Die Bilanz stimmt, die Leistung nicht. Bei Mainz 05 ergibt sich vor der Länderspielpause eine ambivalente Gemengelage.
Trotz guter Punktausbeute derzeit nicht zufrieden: Der Mainzer Coach Bo Svensson. IMAGO/Matthias Koch
Mit elf Punkten aus den ersten sieben Partien liegt Mainz 05 allemal im Soll, hat sogar einen Zähler mehr auf dem Konto als zum gleichen Zeitpunkt der Vorsaison. Die Selbstwahrnehmung ist nach dem glücklichen 1:1 gegen die Hertha freilich eine andere. "Was wir in dieser ersten Saisonphase insgesamt abgeliefert haben, war inhaltlich zu wenig", redet Trainer Bo Svensson Klartext. Tatsächlich vermittelte sein Team in der jüngsten Verfassung keineswegs die Garantie, dass Abstiegskampf auch in dieser Saison nicht auf die Agenda rückt. "Wir wissen, dass wir Probleme bekommen, wenn wir so weiterspielen", bestätigt Svensson. "Aber wir wissen auch, dass wir es besser können."
Verkrampfung und Verunsicherung als ernstzunehmende Warnzeichen
Zweifellos. Umso brennender stellt sich die Frage, warum es die 05er bisher zu häufig nicht abrufen. Sportdirektor Martin Schmidt beschreibt es mit Blick auf den Freitag eingängig: "Wir kamen mit dem Druck des Gegners nicht klar, waren sehr, sehr unsauber. Diese Unsauberkeit hat zu Unsicherheit geführt, und die hilft dir wiederum nicht, mit Ballbesitz umzugehen. Dann kommst du aus dem Strudel nicht mehr raus." Schmidts Erkenntnis bezog sich wohlgemerkt nur auf dieses eine Spiel - doch gilt es auch ganz generell eine drohende Negativdynamik im Keim zu ersticken. Verkrampfung und Verunsicherung, die am Freitag trotz komfortabler Tabellensituation spürbar waren, sind jedenfalls ernstzunehmende Warnzeichen.
"Wir hatten einen klaren Plan, aber es scheiterte an der Umsetzung"

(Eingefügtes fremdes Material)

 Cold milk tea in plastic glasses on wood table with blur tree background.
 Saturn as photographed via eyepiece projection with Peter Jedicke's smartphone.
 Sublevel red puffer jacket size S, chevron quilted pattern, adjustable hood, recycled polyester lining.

Das Positivste neben dem Punktgewinn: Die Lage wird in Mainz augenscheinlich von niemandem unterschätzt. "Es gibt sehr viel aufzuarbeiten, im Spiel mit Ball und gegen den Ball", betont Schmidt. Danny da Costa, der nach langwierigen Schambeinproblemen seine Saisonpremiere feierte, sagt: "Wir hatten einen klaren Plan, aber es scheiterte an der Umsetzung. Das nötige Spieltempo und die passenden Positionierungen haben leider nicht gestimmt." Und Kapitän Silvan Widmer analysiert: "Wir müssen uns einfach wieder mehr zutrauen. Keine Sekunde zögern oder Zweifel haben. Das war letzte Saison besser." Den passenden Rhythmus fanden die Rheinhessen allerdings auch damals erst mit dem 4:1 gegen Augsburg am 10. Spieltag. Bis dahin stand ebenfalls vieles auf der Kippe, drohte ein Abrutschen in den Keller.

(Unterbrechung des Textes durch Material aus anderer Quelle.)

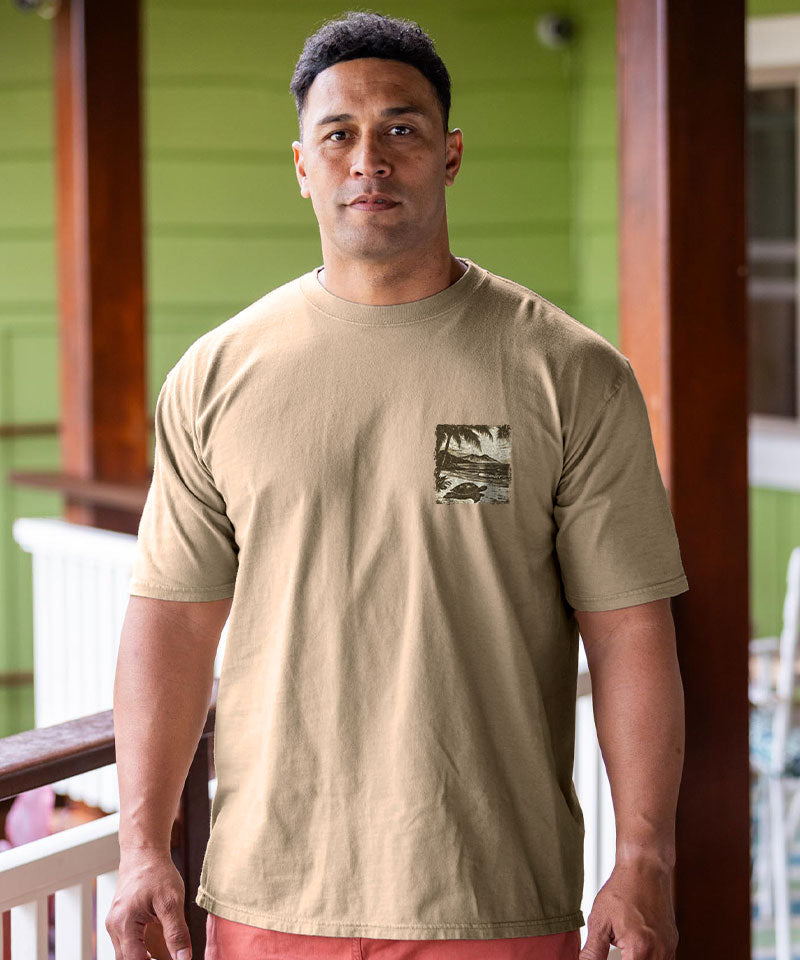Man wearing a beige t-shirt with a small graphic on a beach View 3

Stach und Burkardt in Topform nicht zu ersetzen
Warum es aktuell noch nicht rund läuft, lässt sich grob auf zwei Nenner bringen: Den Ausfall bewährter Leistungsträger - und Anpassungsprobleme verschiedener Neuzugänge. Auffällig ist: Wenn Anton Stach und Jonathan Burkardt, die beiden Entdeckungen der Vorsaison, unter Form oder wie gegen Hertha gar nicht spielen, lässt sich die individuelle Klasse der Jungstars nicht ersetzen. Auch wenn Svensson dies als "Ausrede" bezeichnet, um keine öffentlichen Alibis zu schaffen. Hinzu kam gegen Hertha: Delano Burgzorg, nominell erste Alternative zu Burkardt, wurde vom Coach am Freitag aus disziplinarischen Gründen für ein Spiel aus dem Kader gestrichen.

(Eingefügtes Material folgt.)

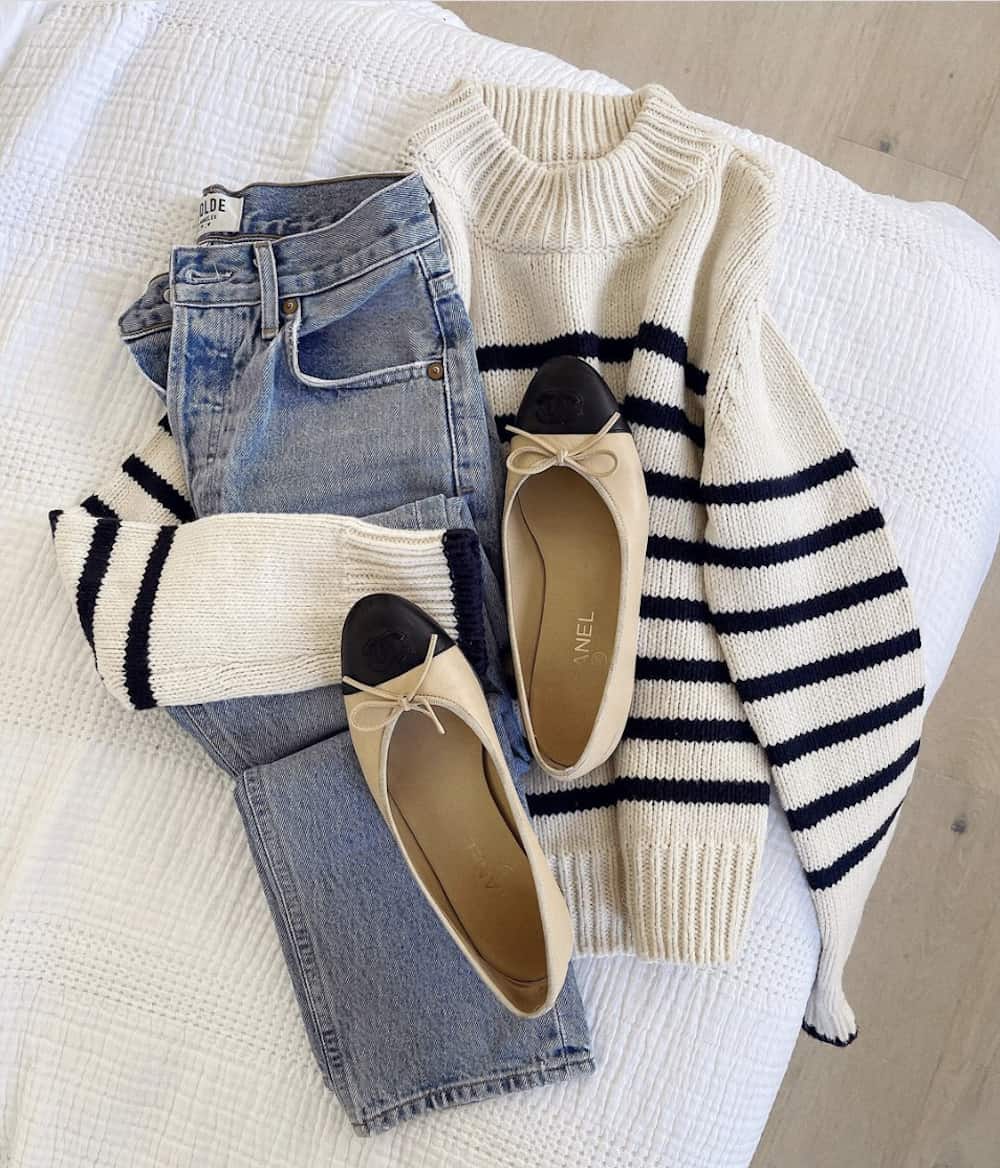 image of an outfit flatlay with a striped black and white knit sweater, jeans, and beige ballet flats with a black cap toe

Leitsch wird zum Unsicherheitsfaktor fürs ganze Team
Sportliche Problemfälle bilden unterdessen zwei Neuzugänge, denen eigentlich zentrale Rollen zugedacht sind. Offensivmann Angelo Fulgini zeigte zwar bereits vielversprechende Ansätze als Spielmacher, weist aber weiterhin gravierende Mängel im besonders geforderten Anlaufverhalten auf. Noch eklatanter: Maxim Leitsch trat gegen Hertha zum wiederholten Male als ein Schwachpunkt der Dreier-Abwehrkette in Erscheinung. Am 0:1 war der 24-Jährige erneut maßgeblich beteiligt - weil er es nicht schaffte, den Ball mit seinem schwachen rechten Fuß einfach nur aus der Gefahrenzone zu dreschen. Nicht zuletzt mangels Beidfüßigkeit ist Leitsch als Nachfolger von Ex-Kapitän Moussa Niakathé bisher überfordert und damit ein Unsicherheitsfaktor fürs ganze Team.
Tauers Chance hätte nach ursprünglicher Planung kommen müssen
Mit der Personalie Leitsch hängt womöglich auch Svenssons überraschende Antwort auf die Rot-Sperre von Alexander Hack zusammen. Youngster Niklas Tauer in die Dreier-Abwehr einzubauen, wäre die logische und allseits erwartete Wahl gewesen. Doch Svensson zog lieber Kapitän Widmer von dessen Paradeposition auf der rechten Außenbahn zurück nach hinten, ließ Edimilson Fernandes auf dem Flügel ran. Offiziell "eine Entscheidung für Edi", wie Svensson beteuert, und "nicht gegen Niklas". Schlüssiger erscheint indes, dass entweder das grundsätzliche Vertrauen in Tauer fehlt. Oder dass es Svensson es für weniger riskant hielt, dem Wackelkandidaten Leitsch mit Widmer und Stefan Bell zwei Routiniers zur Seite zu stellen als den relativ unerfahrenen 21-jährigen Tauer. Dessen Chance hätte gemäß ursprünglicher Planung in einer Personalsituation wie am Freitag jedenfalls kommen müssen.